ClickHouse vs Neon
ClickHouse MCP and Neon MCP are both SQL databases, but the similarity stops at the query language. ClickHouse is a columnar OLAP engine optimized for read-heavy analytics: its MCP server exposes exactly four tools: list_databases, list_tables, run_select_query, and run_chdb_select_query. Neon is a serverless Postgres platform built for transactional workloads and developer iteration: its server exposes over 25 tools covering run_sql, run_sql_transaction, prepare_database_migration, complete_database_migration, prepare_query_tuning, complete_query_tuning, explain_sql_statement, list_slow_queries, full branch lifecycle management, project and organization administration, Neon Auth provisioning, and documentation retrieval. The surface asymmetry reflects a genuine difference in purpose: ClickHouse guards a production warehouse from accidental writes; Neon drives a full development and deployment lifecycle.
How they compare
| Dimension | ClickHouse | Neon |
|---|---|---|
| Query engine and workload | Columnar OLAP: append-oriented storage that excels at aggregations over billions of rows. run_select_query executes inside a read-only session by default. | Transactional Postgres: row-oriented tables suited for application CRUD and relational workloads. run_sql and run_sql_transaction support both reads and writes. |
| Tool surface | Four tools: enumerate databases and tables, run SELECT queries against the cluster, and optionally query local files via run_chdb_select_query with the embedded chDB engine. | Over 25 tools: SQL execution, migrations, query tuning, slow-query detection, branch lifecycle, project and org management, connection strings, Neon Auth, Data API, and documentation search. |
| Safe iteration on changes | Read-only by design: no migration or branch tooling. Write access requires explicitly setting CLICKHOUSE_ALLOW_WRITE_ACCESS; the server has no mechanism to test a change before applying it. | Branch-first safety: prepare_database_migration applies a migration to a temporary branch; complete_database_migration promotes it only after the agent has verified the result. prepare_query_tuning does the same for performance changes. |
| Local file and embedded querying | run_chdb_select_query lets the agent query local Parquet or CSV files through ClickHouse's embedded chDB engine, without a server round trip. | No embedded engine: all queries target a Neon Postgres database accessed over a connection string. |
| Best-fit task | Analytics exploration: an agent lists tables, runs aggregation SELECTs to answer business questions, and optionally prototypes analysis on local files before loading to the cluster. | Application database development: an agent migrates schemas safely on branches, tunes slow queries, spins up throwaway projects, and provisions auth infrastructure. |
Verdict
ClickHouse MCP and Neon MCP are not interchangeable: one is a read-focused analytics gateway and the other is a full application-database control plane. Choose ClickHouse MCP when the job is answering questions against a high-volume columnar warehouse and write safety is the top priority. Choose Neon MCP when the job is developing or operating a Postgres-backed application, especially when schema changes need to be validated on a branch before they reach production. The four-tool surface of ClickHouse is a deliberate constraint; the 25-plus-tool surface of Neon is a deliberate investment in developer lifecycle.
FAQ
- Can ClickHouse MCP run schema migrations?
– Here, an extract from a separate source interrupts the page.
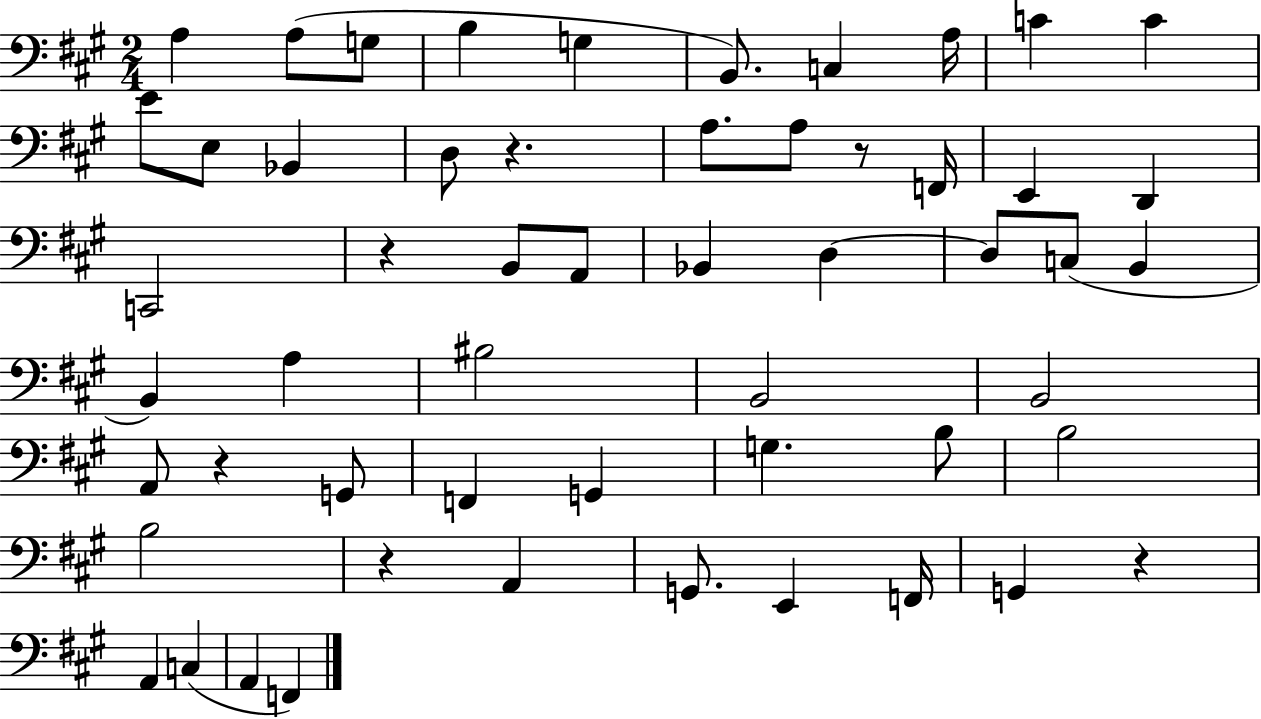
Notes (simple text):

A3/q A3/e G3/e B3/q G3/q B2/e. C3/q A3/s C4/q C4/q E4/e E3/e Bb2/q D3/e R/q. A3/e. A3/e R/e F2/s E2/q D2/q C2/h R/q B2/e A2/e Bb2/q D3/q D3/e C3/e B2/q B2/q A3/q BIS3/h B2/h B2/h A2/e R/q G2/e F2/q G2/q G3/q. B3/e B3/h B3/h R/q A2/q G2/e. E2/q F2/s G2/q R/q A2/q C3/q A2/q F2/q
- No. ClickHouse MCP has no migration tooling; run_select_query executes SELECTs in a read-only session by default. Writes require environment flags and there is no branch-before-promote safeguard. For safe schema iteration, Neon MCP's prepare_database_migration and complete_database_migration workflow is the right fit.
- Can Neon MCP query local Parquet or CSV files?
- No. Neon MCP connects to Postgres databases hosted on the Neon platform and does not include an embedded engine for local file querying. ClickHouse MCP's run_chdb_select_query, when chDB is enabled, lets an agent query Parquet or CSV files directly without loading them into a cluster.